Questioning the Geneva Refugee Convention: Irregular versus Regular Migration?

Johannes C. van Nieuwkerk
4 min readSep 25, 2022

Facing a daily growing number of refugees and with worldwide already more than 100 million people displaced, we are meanwhile urgently forced to dispute the operation and effectiveness of the Geneva Refugee Convention. If necessary, it will require adaptation to a new reality.

However, change is hard and risky, especially if there are clear benefits like the current convention’s non-refoulement clause. Many of us may therefore think that it is better to keep in place what we have reached unanimity on, and to try to slowly amend it. Still, international agreements age and can hollow out by changed circumstances, thus becoming ineffective. Since it is very difficult and time consuming to reach a new international consensus, at some point in time we will therefore need to act more radically and start finding a new approach or a new basis. This is what my short article is about.
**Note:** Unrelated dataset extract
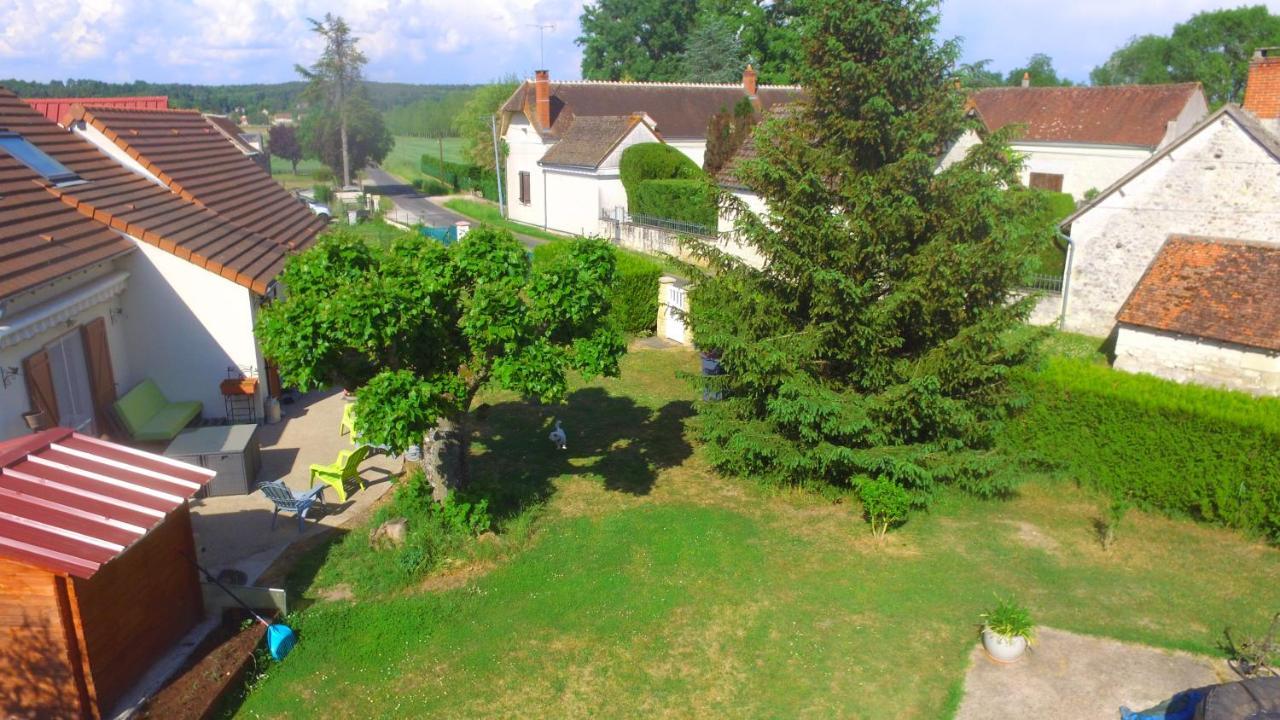 Bed and Breakfast Laurilia Saint-Romain-sur-Cher Exteriér fotografie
The origin of the current convention can be found in the aftermath of WWII. The refugee group the agreement addressed was already living in another country. The design of the convention was thus not about crossing borders. It was meant for people who, due to the Second World War got displaced elsewhere and did not want to be sent or returned “home” against their will.

However, in 2022, most focus in relation to refugees is on border crossing. There are two sides to this story. On one side there is the situation of temporary protection, freely letting some groups of people in through “open” borders as a way to fight a potential unmanageable influx. On the other side there is the current European discussion about anti “political instrumentalisation” measures as a method to reduce migration in case people are arriving from countries like Belarus and now possibly Russia, derogating from the convention.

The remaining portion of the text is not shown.